Concrete recommendations: what Windows users and IT teams should do now​

  • Home users and typical consumers:
  • You don’t need to rush to install 25H2. If your PC is current on 24H2 and you have no legacy scripts, you can wait for the normal Windows Update rollout.
  • If you depend on an older piece of software that hasn’t been updated in years, test it before upgrading.
  • Power users:
  • Search your user scripts and scheduled tasks for explicit calls to PowerShell 2.0 and wmic.exe. Update or replace those snippets.
  • Consider modernizing to PowerShell 7.x where practical.
  • IT administrators and enterprises:
  • Treat Release Preview as a validation gate. Run the checklist above across your most critical fleets.
  • Prioritize compatibility fixes for backup/restore, imaging, monitoring, and security tooling.
  • Test the new Group Policy/MDM policy for removing preinstalled Microsoft Store apps in a lab and pilot environment; watch for leftover Start menu artifacts and event log entries.
  • Use feature‑ring deployment (pilot → broad) and Windows Update for Business controls to stage the eKB where needed.
  • Start remediation of PSv2 and WMIC dependencies now—don’t wait until the last minute.
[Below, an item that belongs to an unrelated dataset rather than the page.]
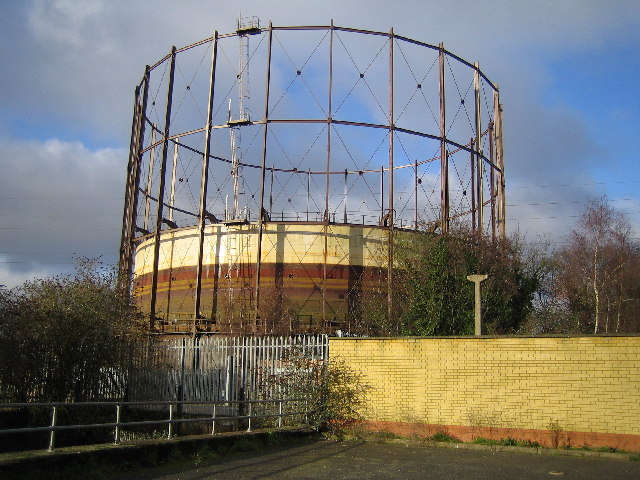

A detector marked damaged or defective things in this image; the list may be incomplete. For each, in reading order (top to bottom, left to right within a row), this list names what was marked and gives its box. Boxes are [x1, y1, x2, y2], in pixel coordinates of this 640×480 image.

rusty steel lattice frame [120, 24, 504, 332]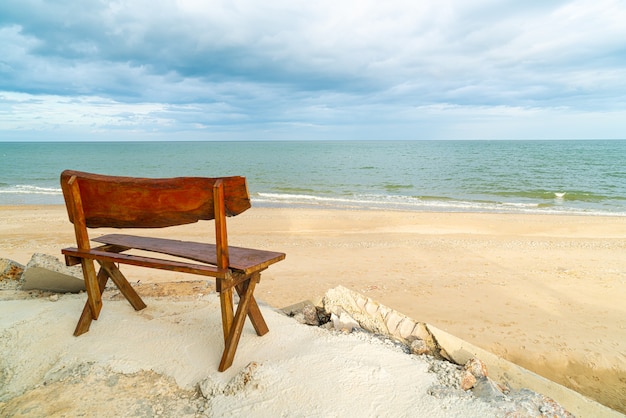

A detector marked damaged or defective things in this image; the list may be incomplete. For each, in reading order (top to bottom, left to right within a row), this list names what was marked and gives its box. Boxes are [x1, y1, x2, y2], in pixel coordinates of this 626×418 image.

broken concrete [21, 253, 85, 292]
What’s not in 25H2 (and what remains speculative)​

  • 25H2 is explicitly not a major feature dump; it will not contain broad UI overhauls or a dramatic new consumer experience.
  • Rumors and speculation about a “Windows 12” or a next‑generation OS persist in industry chatter, but those plans are outside the scope of 25H2 and should be treated as unverified until Microsoft provides formal details.
  • Microsoft continues to deliver more targeted AI and Copilot‑era features during the year; some of those features remain gated by account entitlements, hardware class, and staged rollouts.

Final analysis: a pragmatic upgrade that’s unsurprising — and strategically sensible​

Windows 11 25H2 is the logical next step in Microsoft’s servicing evolution: a lightweight, enablement‑package release that minimizes disruption and keeps the servicing pipeline lean. That model benefits enterprises and administrators who dread large rebase upgrades and long reboots. It also clears technical debt by removing outdated runtime engines and utilities that have lingered for years.
However, the move comes with trade‑offs. Power users and organizations with legacy automation will face patching and remediation work. Consumers and enthusiasts looking for a blockbuster annual release will be disappointed by the lack of visible new features.
Operationally, the message is straightforward: treat 25H2 as an opportunity to modernize automation and monitoring, not as a reason to change user experience strategies. Treat Release Preview as the point to validate and remediate, then stage the enablement package thoughtfully in controlled rings. By doing so, organizations can take advantage of faster upgrades while avoiding the common pitfalls that follow when deprecated tools are finally removed from the platform.